In Swedeland, the Third Circuit cautioned that adequate protection requires more than an opportunity to recoup a creditor’s loss of collateral through the potential success of a speculative business venture. Swedeland, 16 F.3d at 567. Debtor’s projections for the next six months are highly speculative. Without more information about the timing of the new distributorship and more concrete data supporting Debtor’s rosy sales projections, the Court is unable to find that this new relationship is likely to provide a means to reverse Debtor’s current financial course.
Debtor has asked the Court to permit it to use cash collateral without restriction, albeit for a limited duration of thirty days, based on the thinnest of evidence. Had this Court been presented with a more realistic and substantiated proposal to afford protection to the Bank, authority to use cash collateral may have been granted. The current proposal, however, is simply inadequate. Therefore, the Motion to use cash collateral will be denied and the Bank’s request to deny the use of cash collateral will be granted. An appropriate order follows.

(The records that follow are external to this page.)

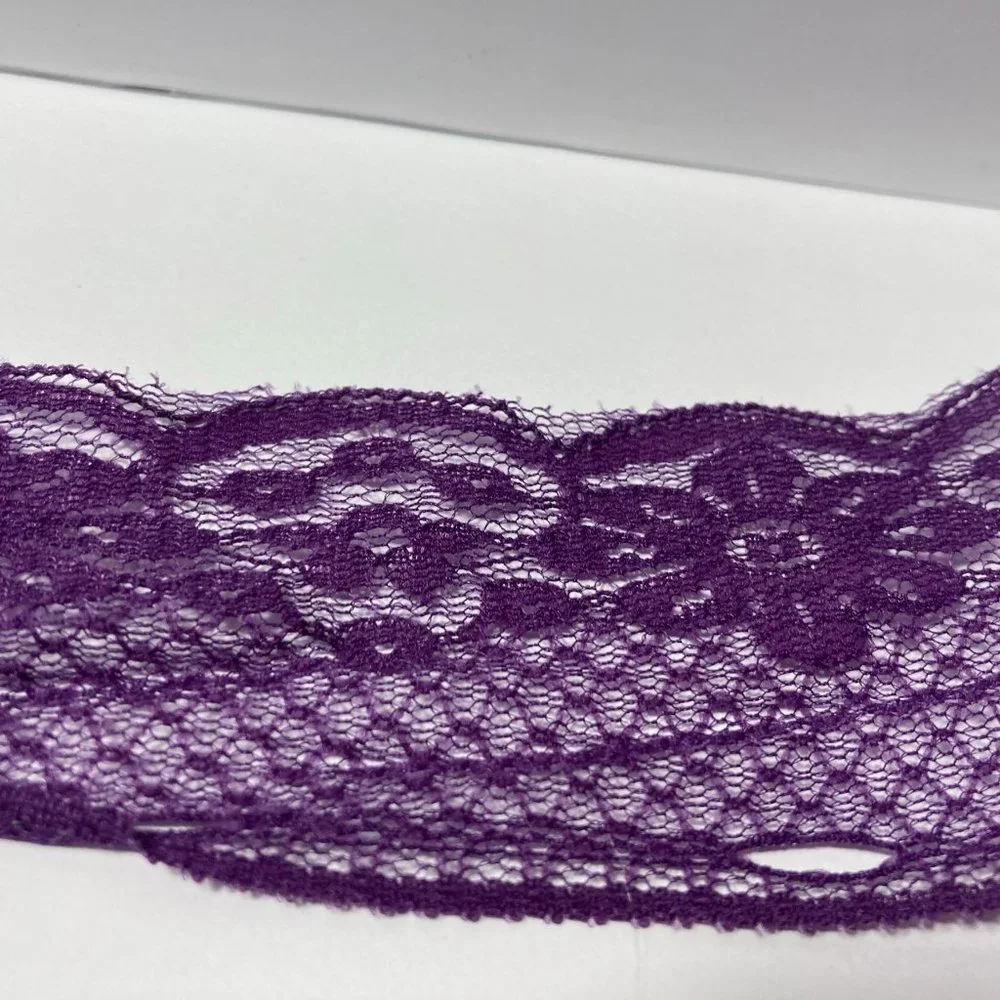 Purple Floral Lace Ribbon Crafts Trim 2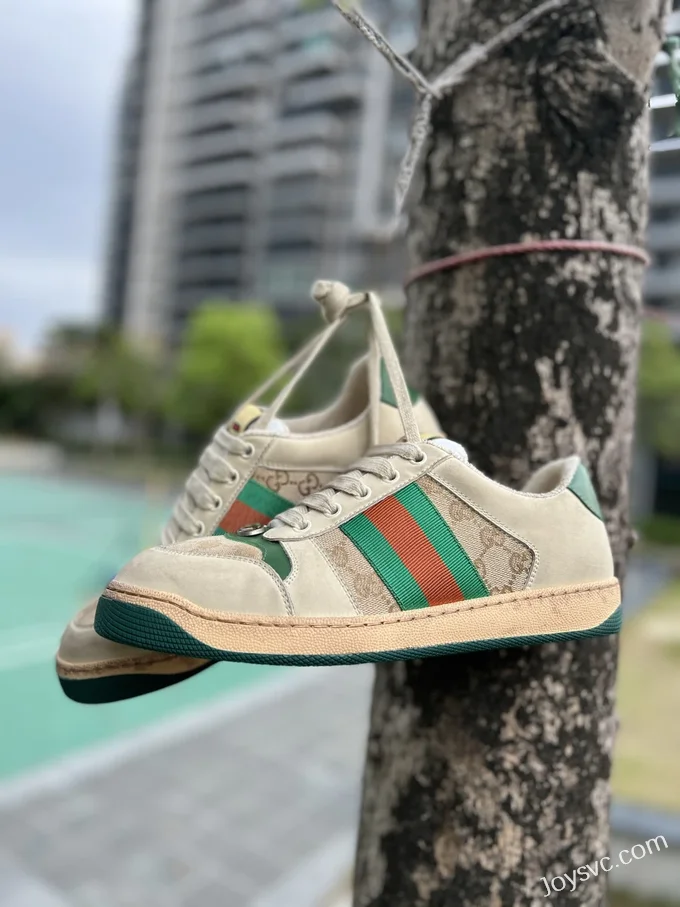 GUCCI Distressed Green Tail Sneakers in Sizes 35-45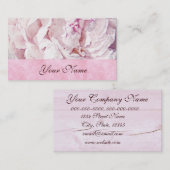 roze petroleumolen voor visitekaartjes sjabloon (Voorkant / Achterkant)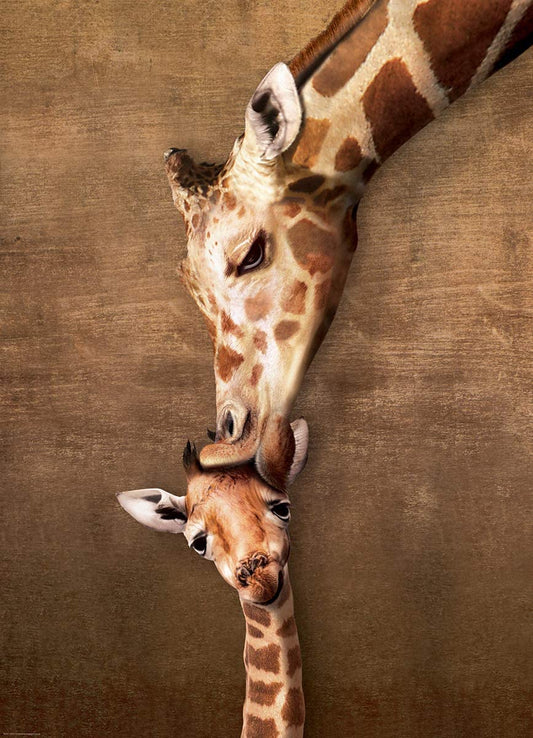 Eurographics - Giraffe Mother's Kiss - 1000 Piece Jigsaw Puzzle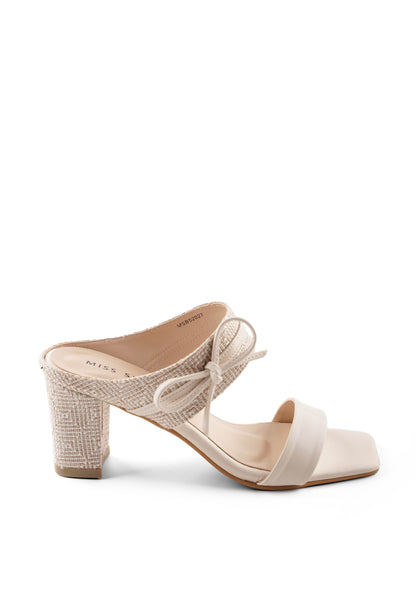 The Alora Ribbon Heels by Miss Suri - Black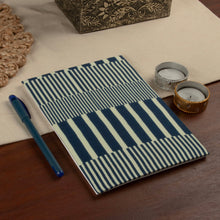 Load image into Gallery viewer, Patterned 100% Cotton Travel Planner with 30 Paper Pages - Blue & Wondrous | NOVICA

 I have jurisdiction to hear this matter pursuant to 28 U.S.C. §§ 157 and 1334. This matter is core pursuant to 28 U.S.C. § 157(b)(2)(A),(B), and (O). This Opinion constitutes findings of fact and conclusions of law made under Fed. R. Bankr. P. 7052, which is applicable to contested matters pursuant to Fed. R. Bank. P. 9014.
 As I will discuss below, the Court believes that the values of the non-cash assets reported in Debtor’s schedules are inflated. For example, on Schedule B, Debtor lists “notes receivable” valued at approximately $2.7 million. These notes are agreements obtained from customers to repay invoices that the Court believes also are included in accounts receivable. Only one recovery on an account may be obtained, therefore, the notes do not add further value to Debtor’s balance sheet. Also, the evidence introduced at the hearing did not support the existence of eight promissory notes as reported by Debtor. Although eight notes were listed on the balance sheet, Debtor’s Exhibit 3 only referred to possible notes from four vendors. The promissory note from Windows & More was unsigned and the promissory note from Woodtech, Inc. was signed but unsecured with no personal guarantee attached. Only the note from Window & Door Showplace was signed and included personal guarantees. Correspondence between Debtor and J.M. Browning, Inc. did not establish that a promissory note from this customer had been obtained. After adjusting the scheduled value, the Court finds that, rather than $5.4 million, a more realistic value of non-cash collateral held by Debtor securing the Bank’s loans is approximately $2 million. Further support for this proposition is found on Debtor’s balance sheet for May 31, 2012, which reports property and equipment valued at $98,284 net of depreciation.